Onderzoek in de politiesystemen op deze naam en andere namen van contacten die uit het gebruik naar voren kwamen, leverde op dat een [verdachte]op 21 januari 2010 met anderen in een voertuig in Den Haag is gecontroleerd. Op deze naam kwam ook een GBA-adres naar voren, de Herculesweg 159 te Delft. De telefoon met het onderzochte telefoonnummer bleek geregeld de zendmast in de nabije omgeving van de Herculesweg aan te stralen en vaak te bellen met een nummer dat op naam staat van [moeder verdachte] zijnde de moeder van [verdachte]

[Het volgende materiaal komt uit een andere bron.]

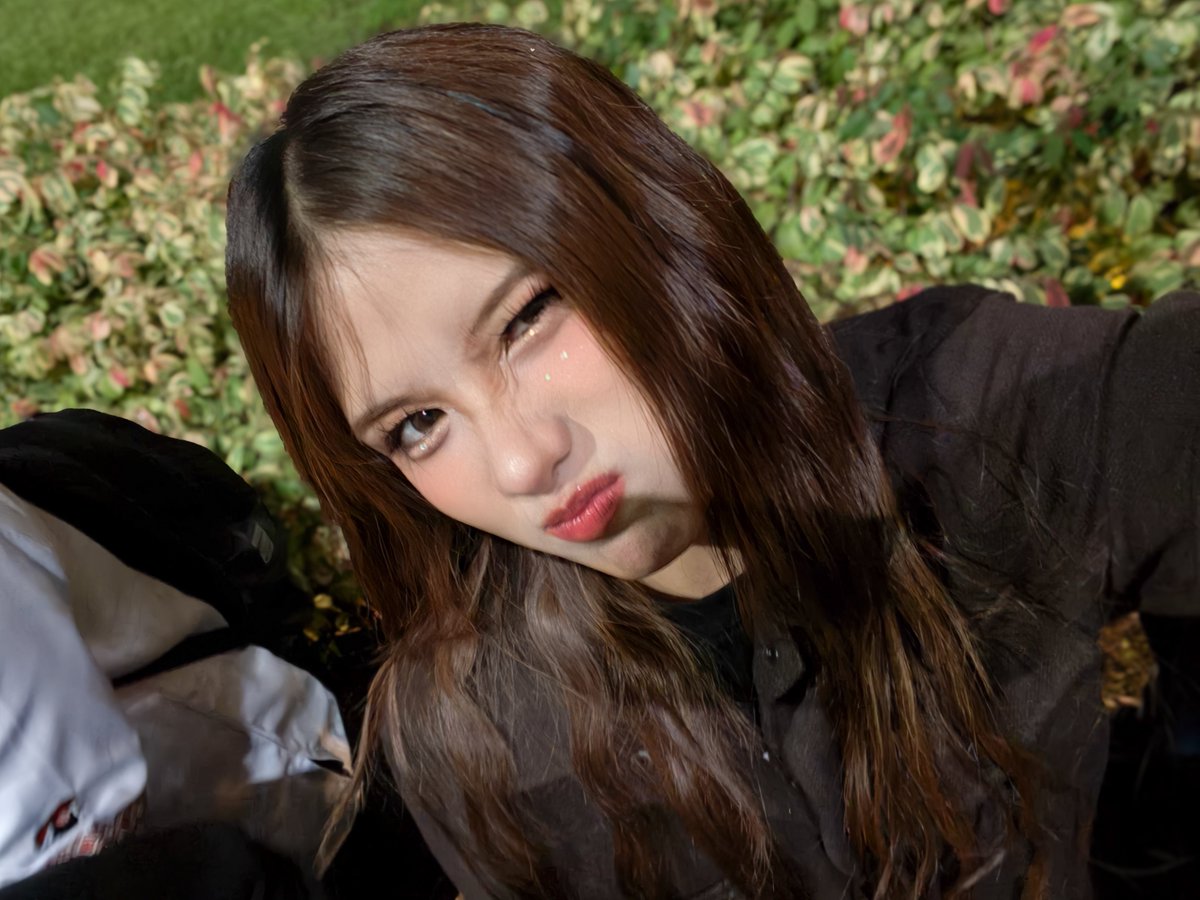 woogieee923's tweet photo. 260915 KAIA Angela Selfies

KAIA at 35th Philippines-Korea Cultural Exchange Festival 2026
📍 The Metropolitan Theater

KAIA AT 35TH PKCF 
#KAIA #KAIAatPKCF #35thPhilKor2026 https://t.co/vVcib4VLCi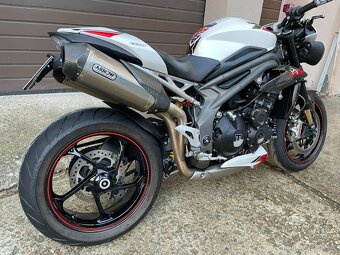 Triumph speed triple 1050 RS - 9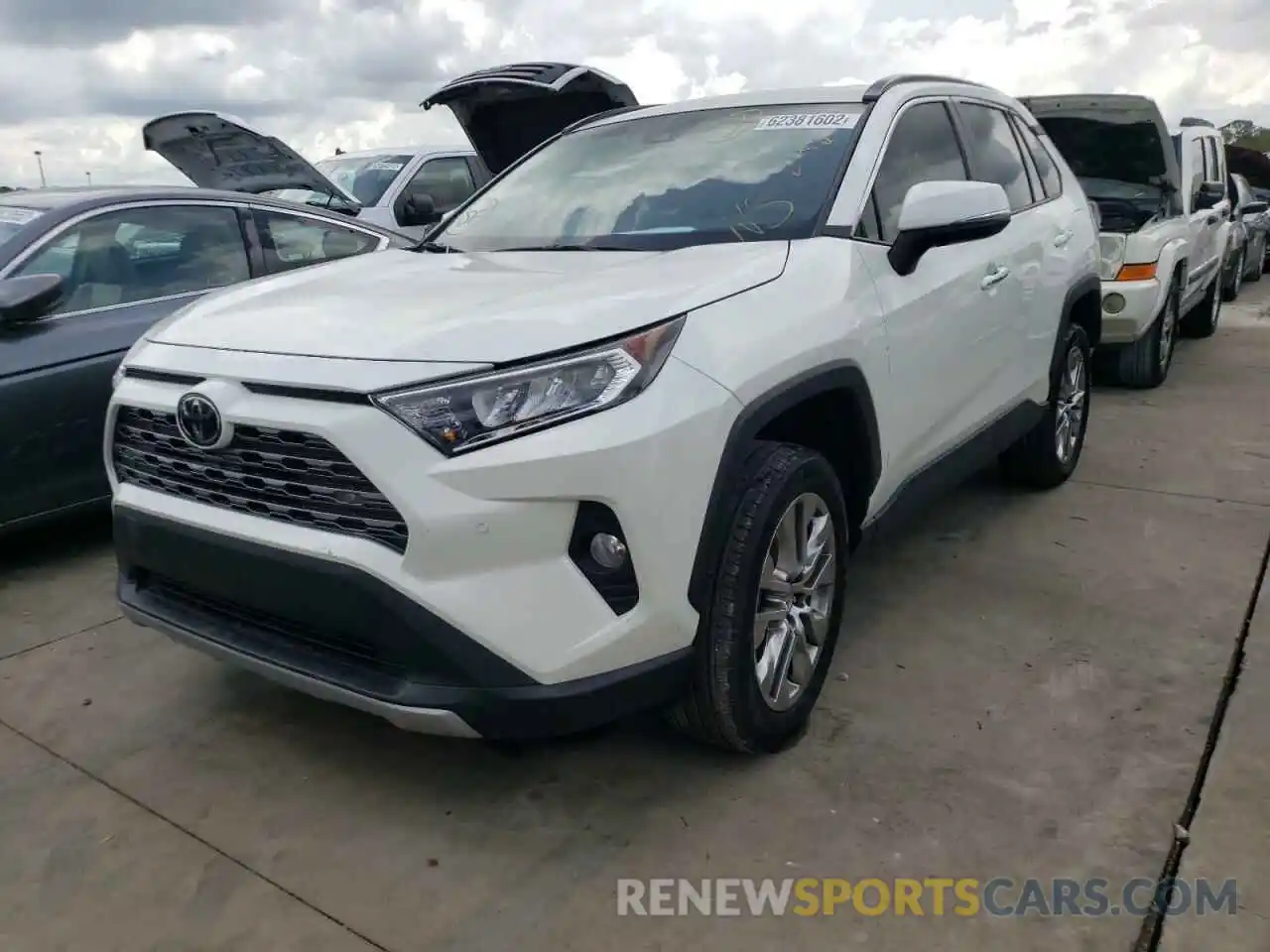 2 Photograph of a damaged car 2T3Y1RFV4LW066851 TOYOTA RAV4 2020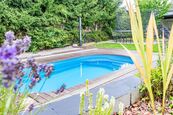 Prodej rodinné vily (346 m2) s bazénem, (pozemek 1180 m2), Na Vyhlídce, Praha západ - Mníšek pod Brd, cena 26940000 CZK / objekt, nabízí Faraon Reality, s.r.o.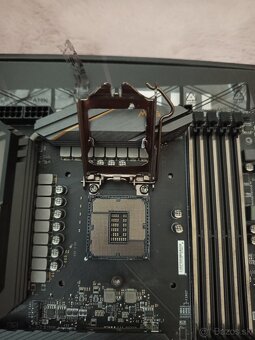 MSI z490 ace - 3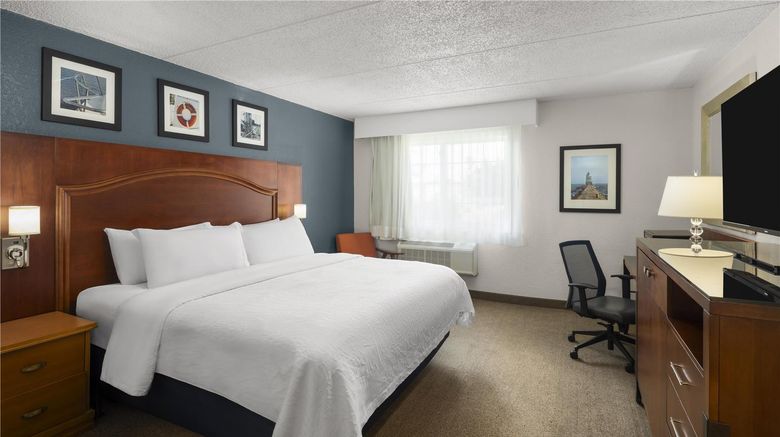 <b>Harbor Town Inn, BW Signature Collection Room</b>. Images powered by <a href="https://iceportal.shijigroup.com/" title="IcePortal" target="_blank">IcePortal</a>.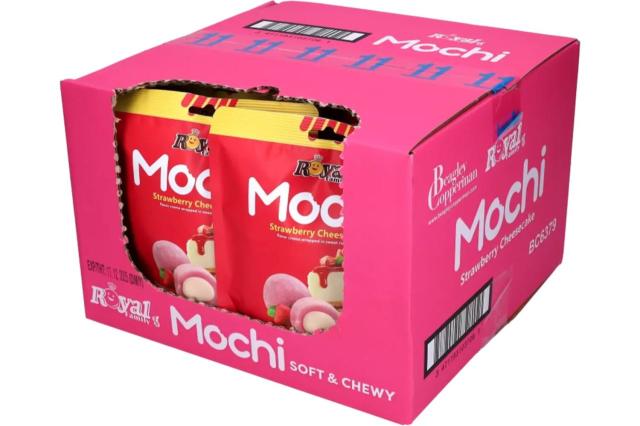 Royal Family Mochi Strawberry Cheesecake Flavor 120g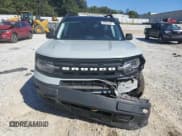 ✅ 2021 Ford Bronco Sport Outer Banks • VIN: 3FMCR9C64MRB04077 • Lot: 85667635. Wystawiony na Copart z przebiegiem 124 786 mil. Bezpłatny archiwum sprzedaży aukcyjnych z USA i szczegółowy raport historii pojazdu na DreamBid. Zdjęcie 5.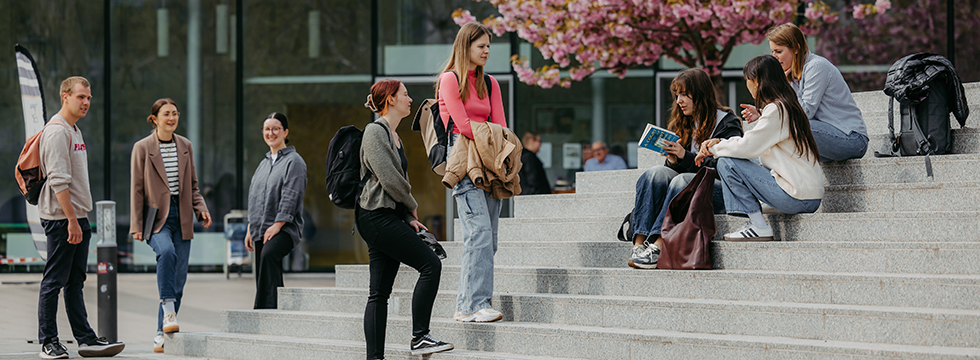 Studierende stehen vor der FHW (C) Jana Dünnhaupt/Uni Magdeburg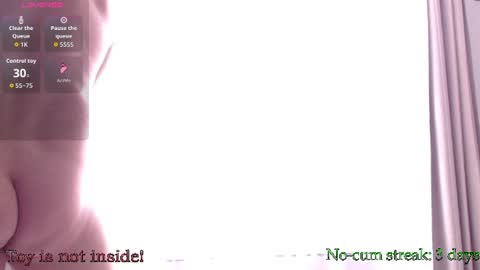 Snapshot of hxmister chatting on 22, 7, 2026 Andrew online show from 22, 7, 2026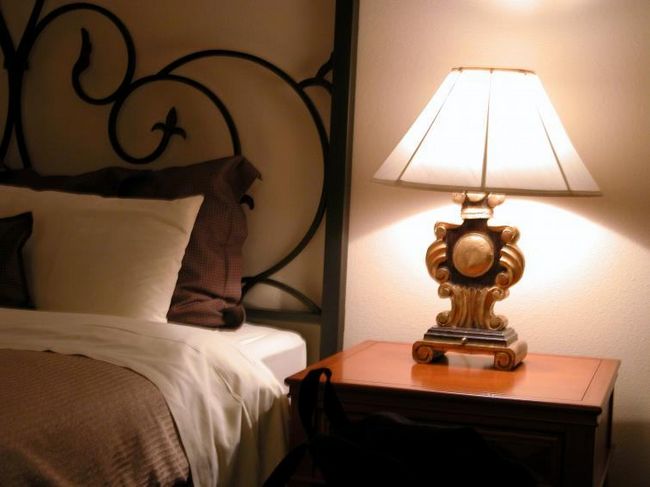 Настольная лампа в спальне
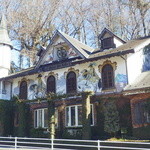 パペルブルグ - 確かに圧倒的な存在感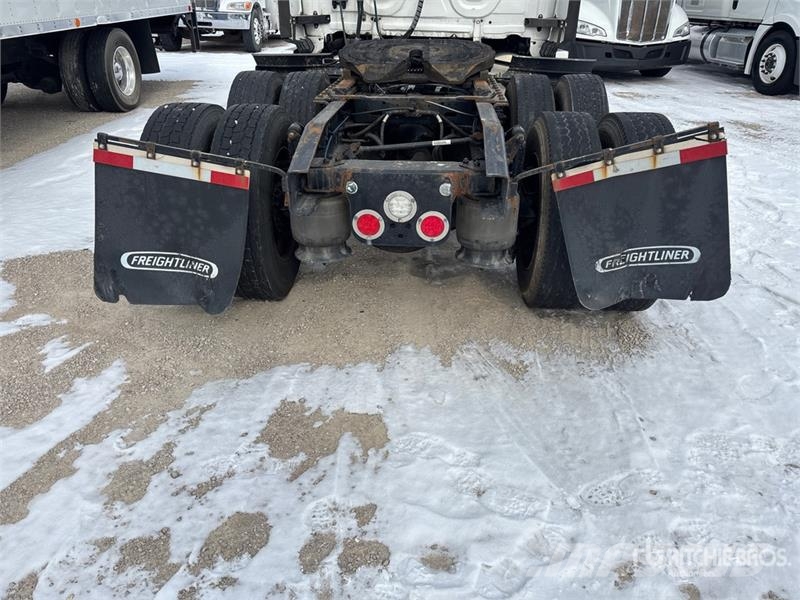 Freightliner Cascadia 126 6x4 T/A Sleeper Truck Tractor (Inoper 트랙터 유닛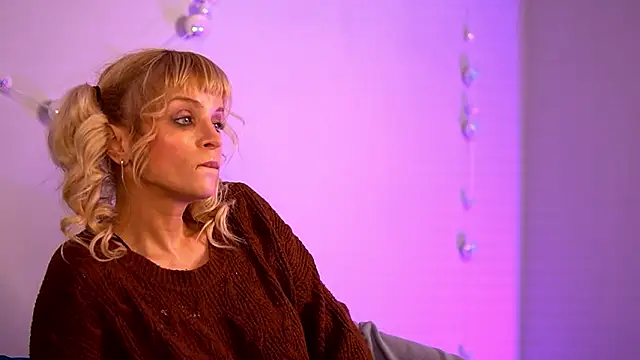 BritneyHudson's cam snapshot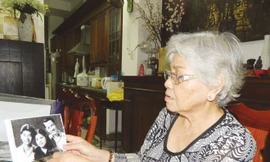 Nghệ sỹ ưu tú Ca Lê Hồng và tấm ảnh chụp cùng nhà thơ Lê Anh Xuân.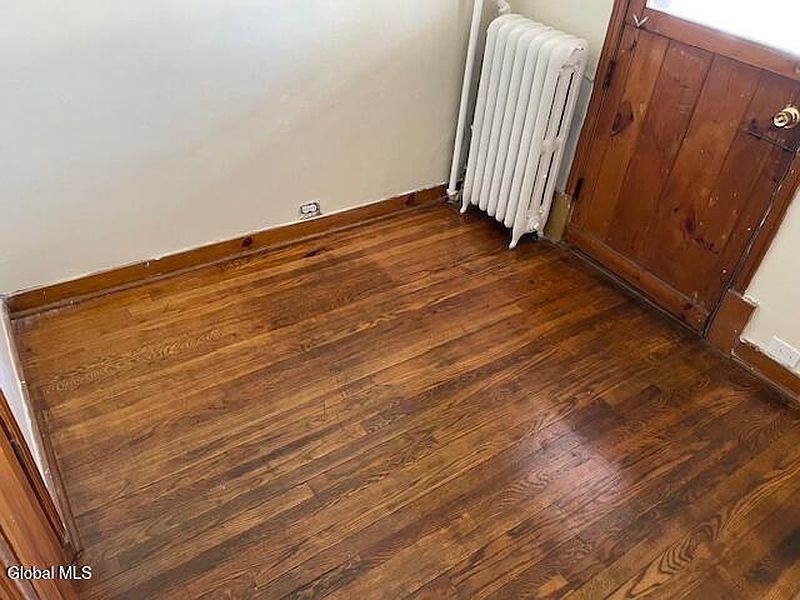 4th image of 847 Jay Street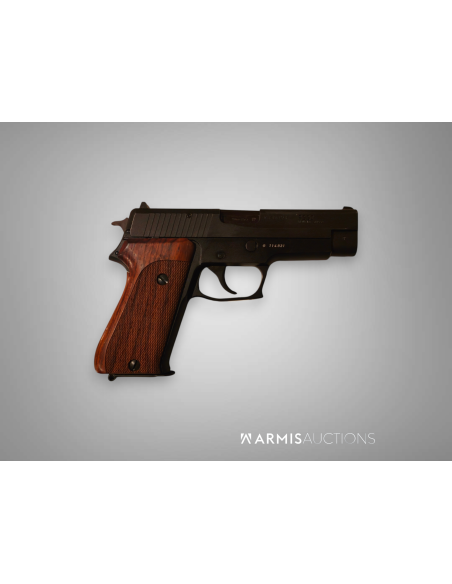 Pistolet semi-automatique SIG SAUER P220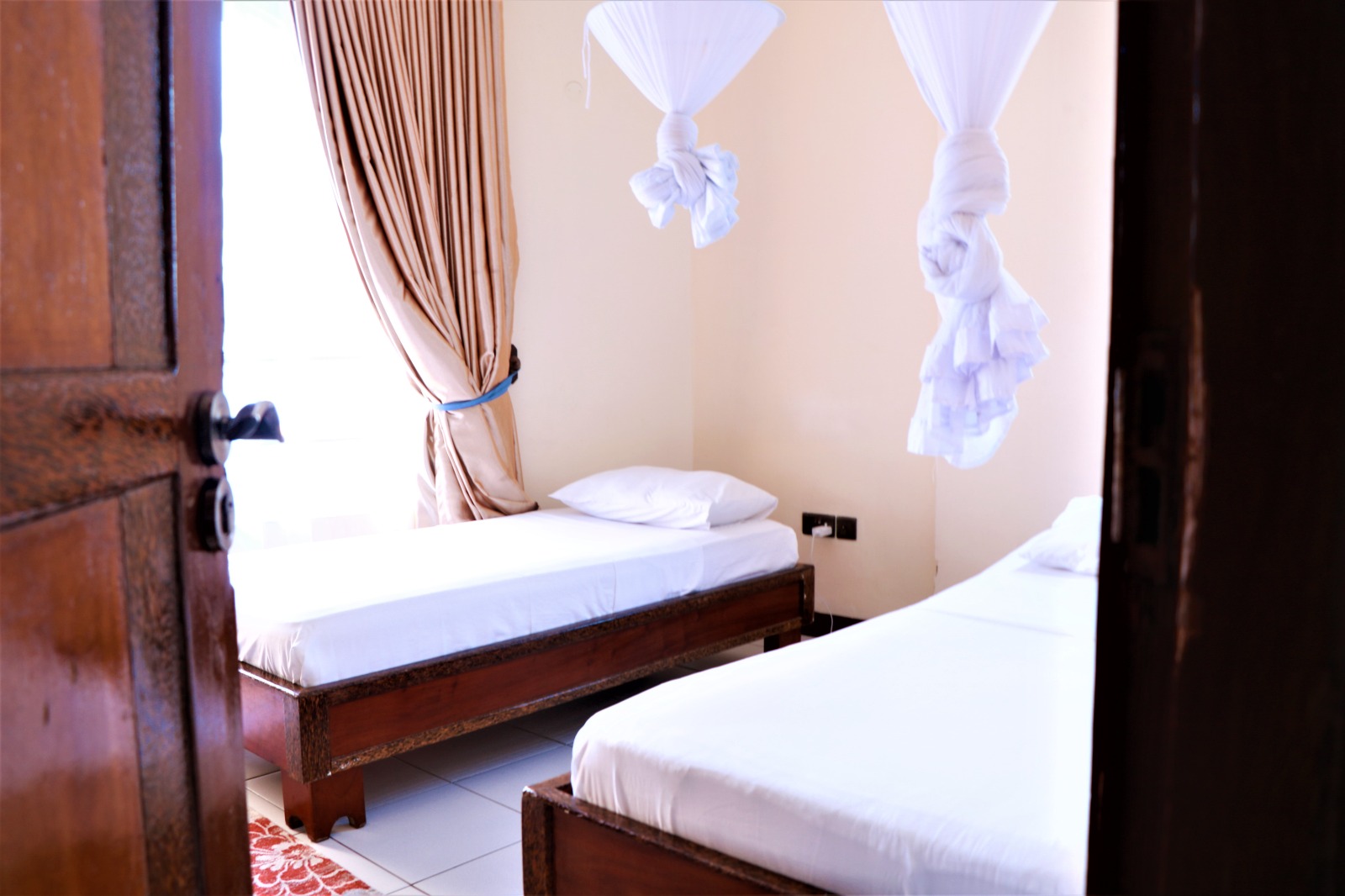 Spacious 2 bedroom beachfront in Mombasa-Malindi R. Affordable furnished Hotel for vacation in Nyali Road | Zuru Life Africa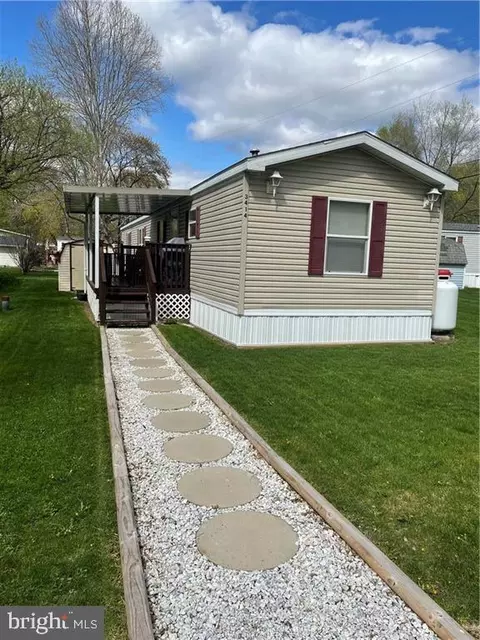 3414 Franklin Sq, Northampton, PA 18067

De vader van de verdachte heeft verdachte op 6 maart 2010 als vermist opgegeven en daarbij als telefoonnummers van de verdachte opgegeven:
[telefoonnummer verdachte 2] en
[telefoonnummer verdachte 1]. [18]
De rechtbank acht op grond van het voorgaande aannemelijk dat de verdachte de gebruiker was van het telefoonnummer [telefoonnummer verdachte 1].
Telefoonverkeer.
Uit het onderzoek komt naar voren dat het toestel met telefoonnummer [telefoonnummer verdachte 1] in de avond en nacht van 28 op 29 januari 2010 diverse zendmasten in Delft aanstraalt. Onderstaande gegevens acht de rechtbank relevant. [19]
Om
- 20.08 uur;
- 20.10 uur;
- 21.43 uur;
- 23.01 uur;
- 23.51 uur;
straalt het toestel de met telefoonnummer [telefoonnummer verdachte 1] de zendmast op Schrobbelaarsstraat aan. Deze zendmast staat vlakbij het [adres], de plaats delict [20] ;
- 00.47 uur wordt ermee gebeld naar het nummer van de moeder van de verdachte;
- 00.59 uur en
- 01.04.23 uur
straalt het toestel met telefoonnummer [telefoonnummer verdachte 1] een zendmast op de Leeghwaterstraat aan. Deze staat vlakbij de Mekelweg te Delft, de plaats waar om 1.01.51 het geldbedrag werd gepind. [21]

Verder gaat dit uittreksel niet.